Unlike stationary rogue femtocells, moving ones keep changing their locations from time to time. At the beginning, the SS of a moving rogue femtocell is as shown in Figure 7. It can be observed that it emerges at 23:15, and its SS achieves its maximum at 01:00 a.m. and then disappears gradually. The moving rogue femtocell forces the meter collector to attach to it at 01:00 when its SS is higher than that of lawful ones. Also, the average Euclidean distances between every femtocell at 01:00 a.m. are calculated and are listed in Table 2.

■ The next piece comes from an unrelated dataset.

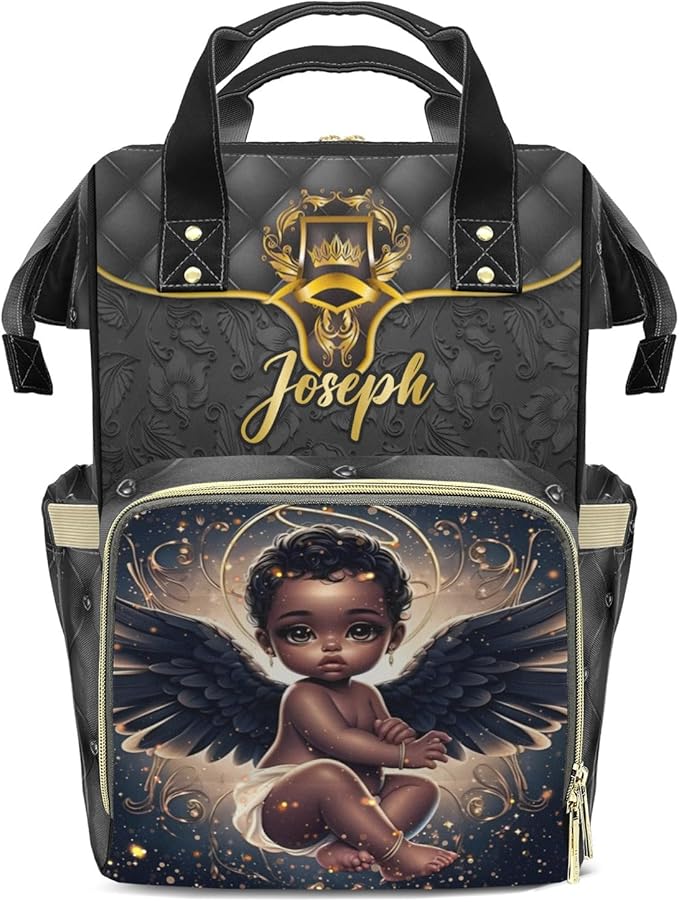 Custom Diaper Bag with Name Personalized Multifunctional Mommy Backpack for Shoulders Outdoor Backpack for Newborn Baby Crown-Thermal Pockets Nursing Bags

The average Euclidean distances of lawful and rogue femtocells every 15 minutes are calculated and are listed in Table 2. Meter collectors implement cell reselection to attach to the rogue femtocell at 01:00, and the average Euclidean distance of SS of all femtocells is 2.842. Multiply it by 1.5 and then get the threshold of 4.263. The rogue femtocell with an average Euclidean distance of 7.637 can be picked out easily, and the meter collector will not attach to it. Thereafter, SS of the moving rogue femtocells declines and then disappears after 2:00.

6. Conclusion

To defend against hijacking of rogue femtocells, a rogue femtocell detection approach for IoT meters in the fixed location is proposed in this paper. Prior knowledge of difference in SS profile among rogue and lawful femtocells is utilized to formulate a rule to identify rogue femtocells. Numerical simulation suggests that the developed expert system can pick out stationary and moving rogue femtocells, and meter collectors will not attach to the malicious rogue femtocell. Moreover, the developed system works on the specific rule and requires limited computation and memory resource, which are fit for resource-constraint IoT device.

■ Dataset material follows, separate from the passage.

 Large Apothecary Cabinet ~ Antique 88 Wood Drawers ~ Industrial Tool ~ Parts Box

Since the developed approach works with the premise that the rogue femtocell does not stay for a long time, malicious adversaries could subvert by sustained attack for more than a day. In this way, the meter collector will attach to the rogue femtocell and malware could mount on it.

Data Availability

The data used to support the findings of this study are available from the corresponding author upon request.

Conflicts of Interest

The authors declare that they have no conflicts of interest.

Acknowledgments

The authors would like to thank the support from the Electric Power Research Institute of China Southern Power Grid (grant no. ZNKJXM20170085), National Natural Scientific Funding of China (51777015), National Key R&D Program of China (2018YFB0904903), and Scientific Research Funding of Hunan Education Department (15A0015).